子と地べたとワンダージャパン
子にあわせた地べた暮らしが始まって1ヶ月近くが経とうとしていた。
子が暴走したときに回収に向かったり、後追い対策として子がおもちゃに引きつけられている間に忍者のように素早く用事を済ませたり、キッズマットの柔らかさを利用してあれやこれやと運動を取り入れた結果、デスクワークをしていた時よりも動けているような気がした。
やればできるものである。
しかし、そんなわたしの成長を横目で見ているかのように、子は動きのバリエーションを増やしていった。
最近はだまし寝が多い。
指をしゃぶりながらもう片方の手で目をこすり、眠りに落ちたポージングをするのだが、実は薄目を開けてこちらを見ている。
わたしがここぞとばかりにデスクの方に動き出すと、ガバッと起きてニッコリ笑うのだ。
引っかかったな、と言わんばかりだ。
そんなことを繰り返しているうちに、すっかり晩御飯の時間になってしまうのだ。
おかげで夜の寝つきは良いものの、これではわたしの時間がほぼほぼ取れない。
というわけでやはり地べた暮らしに戻るのだ。
子が寝付くまで、そばで雑誌を読んでいた。
ワンダージャパンの北海道の回だ。
一度も行ったことはないのだけど、仏教テーマパーク跡地や炭鉱跡など、とても萌える建物が多いことがわかったので行きたくなった。
新・最遊記のロケ地にもなった天華園なんて素晴らしすぎるの一言だ。
また、この回では早稲田のガウディこと梵寿鋼氏の建築についてもふれられており、奇抜なモザイクアートのような佇まいに惚れ惚れとしながらページをめくった。
しかしこの雑誌、発行年が2007年である。
掲載されていたスポットが現存している可能性はかなり低い。
1996年あたりから熱を帯びてきたB級スポットや廃墟めぐりといったジャンルは、やっと落ち着きを見せてきたかのように見える。
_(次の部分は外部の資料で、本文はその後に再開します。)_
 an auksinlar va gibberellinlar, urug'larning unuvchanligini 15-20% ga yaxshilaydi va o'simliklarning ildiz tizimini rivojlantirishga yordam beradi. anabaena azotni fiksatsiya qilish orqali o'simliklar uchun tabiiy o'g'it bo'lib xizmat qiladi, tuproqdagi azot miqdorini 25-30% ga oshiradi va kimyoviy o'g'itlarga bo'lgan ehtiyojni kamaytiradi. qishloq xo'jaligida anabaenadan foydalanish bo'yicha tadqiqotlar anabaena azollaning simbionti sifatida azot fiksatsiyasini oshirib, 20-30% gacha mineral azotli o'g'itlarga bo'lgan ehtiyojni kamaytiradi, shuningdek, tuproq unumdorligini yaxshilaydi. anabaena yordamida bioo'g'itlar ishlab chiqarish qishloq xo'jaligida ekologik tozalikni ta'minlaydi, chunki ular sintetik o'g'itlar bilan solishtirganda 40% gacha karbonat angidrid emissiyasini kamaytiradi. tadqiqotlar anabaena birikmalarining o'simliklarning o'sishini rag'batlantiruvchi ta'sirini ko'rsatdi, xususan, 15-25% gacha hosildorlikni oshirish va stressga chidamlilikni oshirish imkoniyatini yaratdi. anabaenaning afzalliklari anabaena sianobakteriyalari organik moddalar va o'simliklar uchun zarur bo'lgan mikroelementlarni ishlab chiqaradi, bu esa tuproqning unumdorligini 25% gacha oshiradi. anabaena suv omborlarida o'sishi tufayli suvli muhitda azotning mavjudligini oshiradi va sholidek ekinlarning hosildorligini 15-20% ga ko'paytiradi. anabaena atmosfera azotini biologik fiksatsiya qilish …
しかし先日、旧西海楽園跡地を訪れた際に感じたワクワク感は、やはりまだ過ぎ去ったブームにはなっていないのだなということを実感させられた。
ワンダージャパンに書いてあった文章でなるほどと思ったものがあるだが、廃墟は、過去と現在のコントラストが濃く違和感があるほど魅力的なのだという。
かつては多くの従業員で活気に満ち溢れ、数々の生産物を生み出してきた工場が、生々しい跡を残しつつ静寂に包まれる。
本来共存し得ないものが同じ空間にある。
日常的だったものが非日常的なものに変わる。
といったことが書かれてあって、とても的確だなぁと感じた次第だ。
今日のお昼は、昨晩自分で作った料理の残りをタッパーのままでガツガツ食べた。
そのあとお義母さんが、つくってくれたアップルパイをわざわざお皿に盛り付けて出してくれた。
わたしはしまった、と思った。
子の前でタッパーに入ったままの飯をかっ食らう母親は、お世辞にも良い影響は与えないだろう。
と頭の中で考えたのち、お義母さんに「ですよね!やっぱそうですよね!」と返した。
子がやっと眠ったので、あれこれ仕上げて掃除した。
やはりなんだかんだで、こうした時間制限や縛りがないとわたしは動けないのかもしれない。
子の入浴スタイルを湯船からシャワーへ変えてみた。
これまでわたしの手で湯浴みをしていたのだが、シャワーのほうが手っ取り早いしそろそろ慣れてもらわんばだろうということだ。
案の定、かなり嫌がられて号泣されてしまった。
その度に、笑顔でシャワーを浴びまくって大丈夫だということをアピールしたが結局服を着せるまで泣き続け、「母の裏切り者め」と言わんばかりの恨めしい表情をこちらに向けてきた。
そんな感情の表し方にも成長を感じたわけだが、予定していたミルクを飲ませるより前に寝られてしまったので、一本取られたぜ、と思った。